Camillo was friendly with Rome’s nobiltà nera, the “black” nobility faithful to the Pope, as opposed to the nobiltà Bianca, the “white” nobility faithful to the Savoy, Kings of Italy – rulers. He had several homes: the Roman apartment on Via Puccini, a vacation house on the island of Zannone, in the national park of Circeo; a luxurious apartment in the heart of Milan, Brera. And estates in other smaller towns around Milan and he also had a 17th century villa in … Arcore…in the Brianza area north of Milan, which included a collection of 15th and 16th century paintings and a library of over 10.000 volumes … yes, later on this villa was bought by and became the residence of … Mr Silvio Berlusconi.
In 1958 something happened in Cannes, it seems, that first set Peppino, Anna’s husband at that time, and Camillo in competition in Anna’s eyes. They were staying in a luxurious apartment of a hotel in the city, right on the Croisette, and there was a party. Those soirées had the air, more than they would today, of a truly grand event, giving attendees a sense of having exclusive privileges. Porfirio Rubirosa was among the guests, and although his name seems like nothing straight out of fiction, it belonged to one of the most famous, luckiest lady-killers of the 1950s. The Dominican playboy wasn’t very tall, but was good looking. Above all, he was famously well endowed where it counts, and reputed for his exceptional endurance. One of Porfirio’s favorite sayings was appropriate to the role he played: “Most of men are eager to make money; I’m eager to spend it”. Anna was elegant and lovely; Rubirosa wasn’t the only man to notice her. Unlike the others, though, he wasn’t content just to look. He approached her and began conversation with the inane and pleasant fluidity that only years of experience and great self-confident permit. As he spoke he put one of his hands familiarly on her bare back. This was a gesture of a bit too much confidence, and caused a rather heated reaction.
It’s not hard to understand Peppino Drommi’s concern when he saw Porfirio’s hand resting on his wife’s bare back. Yet the gesture seemed to bother Marquis Camillo even more. Peppino approached the “king of all playboys” and asked him to remove his hand. Porfirio smiled indulgently at hime and went on talking to Anna as if nothing had happened. Camillo, meanwhile, succumbed to one of his fits of rage and sprang to his feet. Peppino threw the first punch and Rubirosa, (who was also an amateur boxer) quickly reacted. Camillo hurled himself at his face. It was just like a brawl in the movies. Tables were overturned, glasses shattered, a lot of people screamed, beautiful women were frightened, and there was also a hint of amusement in the air.

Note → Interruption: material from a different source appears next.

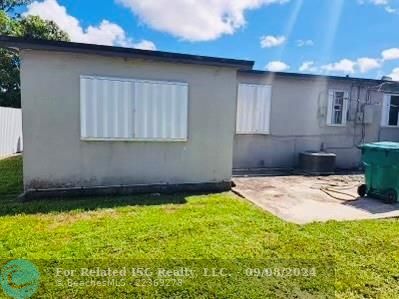 Backyard with shutters on property 1815 NW 121 ST., Miami, FL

Some say the first sparks between Anna and Camillo were ignited by this famous brawl fought in her honor in that grand hotel on the Croisette, which may well be true. In any case, a few months after this episode Camillo requested an annulment of his marriage. Peppino Drommi also recited the necessary lines to get an annulment. Anna and Camillo were married in a civil ceremony in Switzerland in April of 1959, and again in a church on June 21, 1961. What kind of marriage did Camillo and Anna have? The true nature of their relationship came to light only after the murders. If anyone knew about or participated in their curious ménages, it had been kept secret. On August 30, 1970, the day of the crime, police officer Domenico Scali was one of the first to enter the apartment, and described what he saw in an interview, as we will soon recount on this blog: click here to read the second part of the story.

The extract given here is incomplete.